Les femmes photographes sont à l’honneur en ce moment. On découvre, ou redécouvre, que l’histoire de la photographie, du photojournalisme également, a souvent, très souvent, été l’œuvre de femmes. Certaines, et, certains, oublient un peu vite Margaret Bourke-White, Gerda Taro, Catherine Leroy, Christine Spengler ou Martine Franck ; pour ne citer que celles-ci parmi tant d’autres.
Si les Hongrois, les hommes, sont souvent cités dans l’histoire de la photographie de presse, Ergy Landau l’était rarement. Son nom ne disait plus grand-chose à la plupart des photographes ou des amateurs de photographie, et, pourtant quelle carrière, quel destin !
« Le hasard a voulu qu’au cours de vacances en montagne en 1928, ma famille fasse la connaissance d’une vieille dame (elle avait 32 ans quand j’en avais 17) qui se promenait avec sur le ventre une petite boîte minuscule dans laquelle on voyait la photo dans la dimension du négatif : le premier Rolleiflex importé en France par Ergy Landau, une photographe professionnelle hongroise, établie en France depuis 1923 et en relation avec Moholy Nagy et le Bauhaus.

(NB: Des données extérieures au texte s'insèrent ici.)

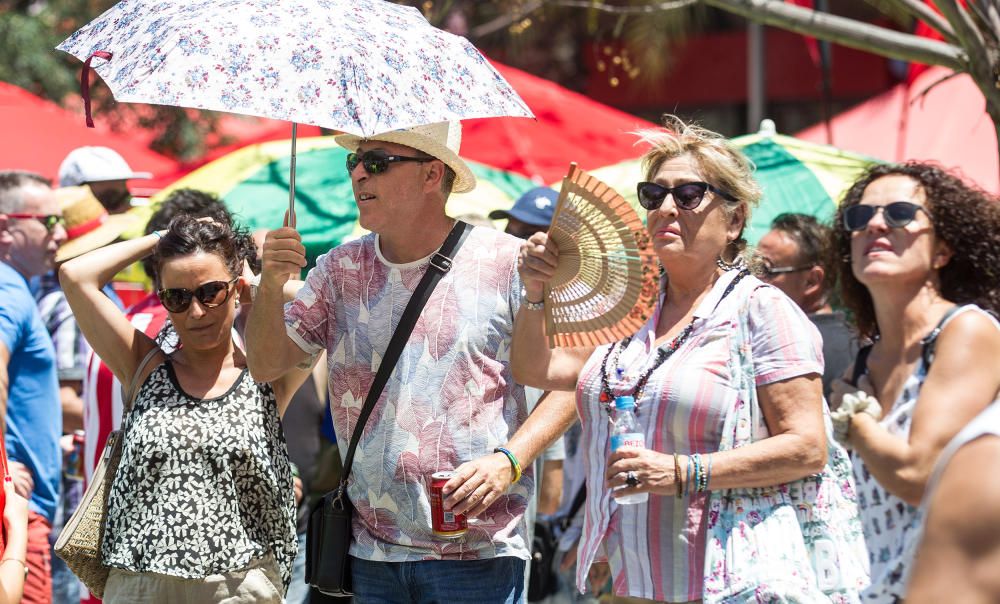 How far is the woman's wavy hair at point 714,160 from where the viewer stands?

Pour un enfant rebuté par les 9×12 Kodak et les négatifs toujours flous et sous-exposés, c’était fascinant. » a écrit Raymond Grosset dans des souvenirs que nous avons publiés en mars 2010, quand l’agence Rapho a été prise dans la faillite de Hachette Filipacchi Medias connu sous le nom d’Affaire Eyedea.
La renaissance de Rapho
Dans ce même document, Raymond Grosset raconte la renaissance de Rapho après la Libération.
« Je retrouvais la vie en France avec un certain plaisir, mais en étranger ! Comme ces américains désargentés appréciant la convivialité de la rue de la Huchette. Tous mes amis d’avant guerre s’étaient dispersés, l’un vivait à Barcelone, les autres comme Ylla à New York. Seule restait à Paris Ergy Landau, qui, photographe hongroise, juive, se refusant à porter l’étoile jaune, avait par miracle survécu sans être dénoncée. C’est elle qui en novembre 1945, très amie avec le directeur du quotidien Franc-Tireur, me proposa de rouvrir l’Agence de Photo Rapho que Charles Rado avait ouverte en 1933 à Paris. »
Autant dire qu’Ergy Landau a été un pilier de l’agence photographique Rapho, avec laquelle elle a collaboré toute sa vie après son départ de Hongrie et jusqu’à sa mort. Rapho a d’ailleurs édité un poster, qui, offert par Mark Grosset, trône au-dessus de mon lit, avec cette photo « Assia endormie » de 1930 qui m’a toujours inspiré sans que je sache grand-chose sur la vie et l’œuvre d’Ergy Landau. La même photographie a été utilisée pour le film Rapho, histoire d’une famille de Frédéric Mitterrand et Patrick Jeudy (1987) et reprise également en couverture du livre Tous désirs confondus, livre de Frédéric Mitterrand édité chez Actes Sud.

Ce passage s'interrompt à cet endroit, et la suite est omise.